Windows

To package our text editor for Windows, we will need to use a module known as cx_freeze. This module is installed using pip via pip install cx_freeze.

To tell cx_freeze about our application, we will need to adjust our setup.py file:

from cx_Freeze import setup, Executable

import sys
base = 'Win32GUI' if sys.platform=='win32' else None

import os
PYTHON_INSTALL_DIR = os.path.dirname(os.path.dirname(os.__file__))
os.environ['TCL_LIBRARY'] = os.path.join(PYTHON_INSTALL_DIR, 'tcl', 'tcl8.6')
os.environ['TK_LIBRARY'] = os.path.join(PYTHON_INSTALL_DIR, 'tcl', 'tk8.6')

options = {
'build_exe': {
'include_files':[
os.path.join(PYTHON_INSTALL_DIR, 'DLLs', 'tk86t.dll'),
os.path.join(PYTHON_INSTALL_DIR, 'DLLs', 'tcl86t.dll'),
],
},
}

executables = [
Executable('tkedit.py', base=base)
]

setup(name='tkedit',
version = '1.0',
description = 'A tkinter text editor',
options = options,
executables = executables)

Instead of the setup function from distutils, we will be using the cx_freeze version. We import the sys module and use it to set a special variable as if we are on a 32 bit operating system.
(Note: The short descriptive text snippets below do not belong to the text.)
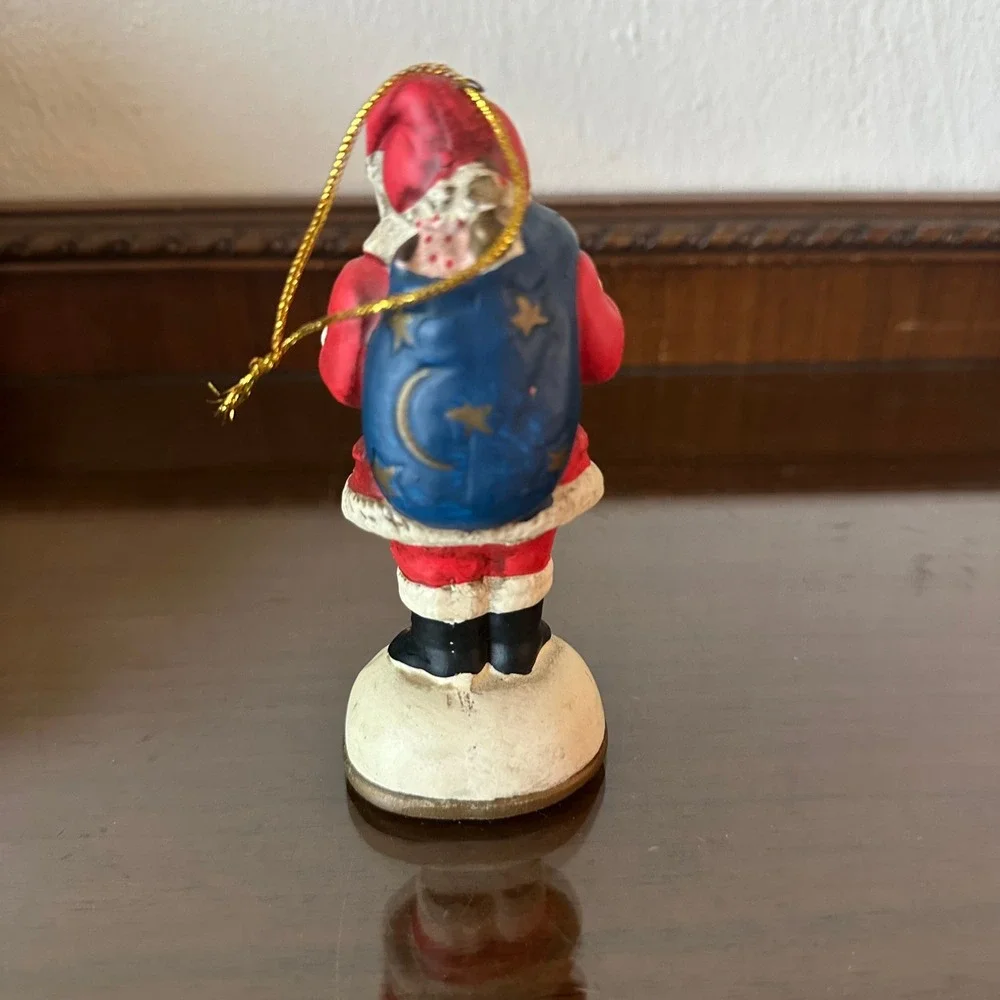 Memories of Santa 1926 Santa Claus Christmas‎ Ornament Moon Stars Toys 3.5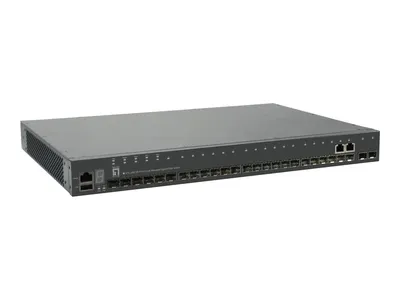 Immagine prodotto di LevelOne GTL-2882, gestito, L3, full duplex, montaggio a rack
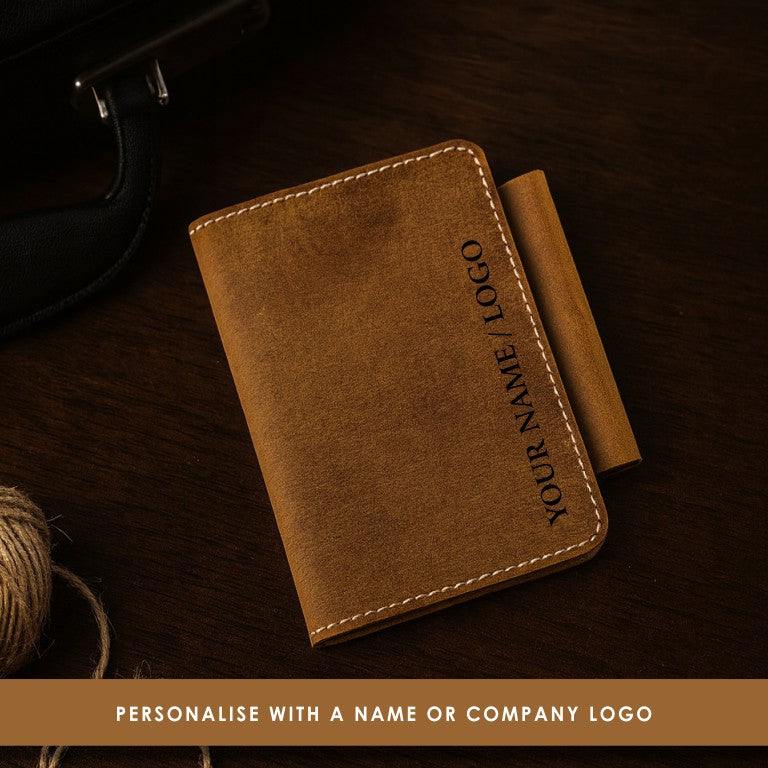 Personalised Leather Passport Cover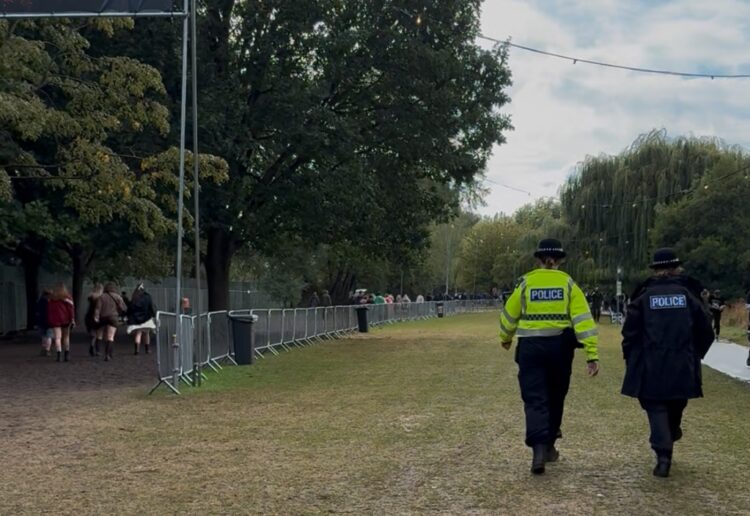 In total, the force made 34 arrests over the festival weekend - double the number of arrests last year. Picture: Thames Valley Police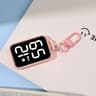 LED Keychain Digital Watch Mini Pocket Clock For Backpacks And Keys 7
Windows needs to know the location of the library of tcl and tk (which power Tkinter). To correctly form the paths to these files, we get the path to our Python installation, then join the necessary folders to it. These are set as environment variables, since cx_freeze will need to reference them during the build process.

When building the .exe, file, cx_freeze will also need to find the .dll files for tk and tcl. We create the paths to them inside a dictionary named options, under the build_exe and include_files keys.

With these libraries located, we now need to create an executable. We create an instance of the Executable class from cx_freeze and pass it a filename of tkedit.py, as well as the base which we defined earlier.

Once that is taken care of, we call the setup function as before, passing it our new options and executables variables.

Before we can run this, we need to create tkedit.py. Luckily, this is a very small file:

from texteditor import main

main()

Much like we had to allude to with Pip's version of the setup.py file, we need to call a function when the executable is run. This function will be the main function from our texteditor.py file.

In this file, we just import the function and run it. This allows cx_freeze to just run the tkedit.py file instead of parsing out the main function from our texteditor.py file.

With these two files taken care of, we can now build our application for windows. Open a command line in your root folder and run the following command:

python3 setup.py build

If everything has gone smoothly, you should see a lot of information about copying libraries, and then find that a folder named build has been added to your project.

Open up explorer and navigate to this folder. You should see another folder beginning with exe-win32. Head to that folder and you should see tkedit.exe sitting there. Run this file and check out your text editor!